そもそも,英語でgovernといえば統治を意味する訳ですが,政府はgovernment,企業統治はgovernanceですから,国家統治と企業統治に通じるところがあるのは,むしろ当然かも知れません。

この点,企業統治においては,グローバリゼーションが進行する中,性悪説に立った内部統制システムの構築が役員の善管注意義務の内実として当然に重要視されています。会社の従業員はもちろん信頼をしたいところですが,万に一つ何らか背任や横領等の出来心を起こしたとしてもそれがチェックされ露見する仕組みを作ることで,そのような行動を未然に防ぐことができる訳です。国家統治においてこれに相当するのが立憲主義です。すなわち,権力者の中にはその権限を濫用して私利に走ったり,強引な戦争に国を導く方も現れないとは限りません。こうした国家機関の権限濫用を阻止するために憲法による歯止めを掛けて,時の政府の判断次第で暴走することを未然に防ぐのが憲法の拘束規範としての役割であり,立憲主義なのです。

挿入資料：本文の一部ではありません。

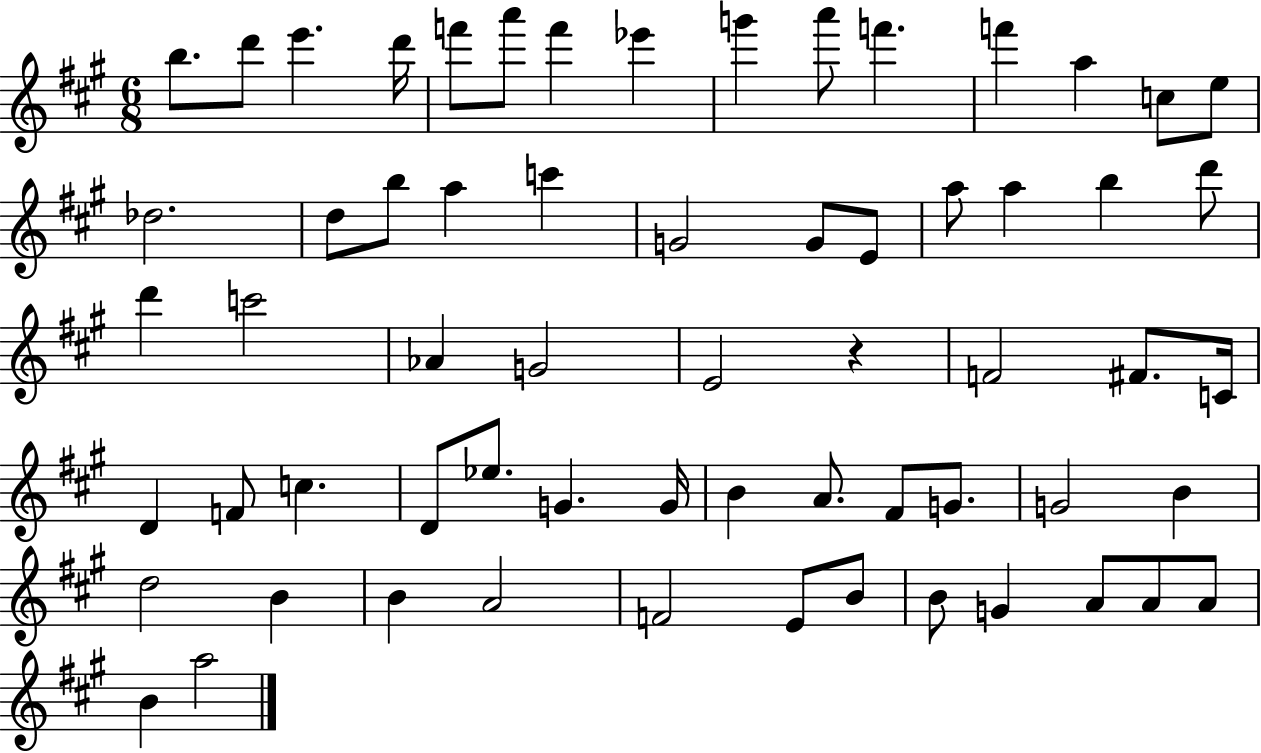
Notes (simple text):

B5/e. D6/e E6/q. D6/s F6/e A6/e F6/q Eb6/q G6/q A6/e F6/q. F6/q A5/q C5/e E5/e Db5/h. D5/e B5/e A5/q C6/q G4/h G4/e E4/e A5/e A5/q B5/q D6/e D6/q C6/h Ab4/q G4/h E4/h R/q F4/h F#4/e. C4/s D4/q F4/e C5/q. D4/e Eb5/e. G4/q. G4/s B4/q A4/e. F#4/e G4/e. G4/h B4/q D5/h B4/q B4/q A4/h F4/h E4/e B4/e B4/e G4/q A4/e A4/e A4/e B4/q A5/h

近時は,集団的自衛権の行使容認を憲法解釈で認めようとする安倍政権の動きを支持する方々において立憲主義を軽視する傾向が顕著ですが,人間の本質は企業においても国家においても何ら変わりません。人が人である限り,権力濫用なり暴走なりは起こり得るものです。それを阻止するための仕組みの必要性は,いずれにおいても同様のはずです。それとも,企業の従業員や役員は放っておくと暴走しかねない凡人なのに,政治家は聖人君主で神々しく暴走などあり得ないということなのでしょうか???勇気ある憲法改正論議を期待する者として,立憲主義の軽視は決して許すことができません。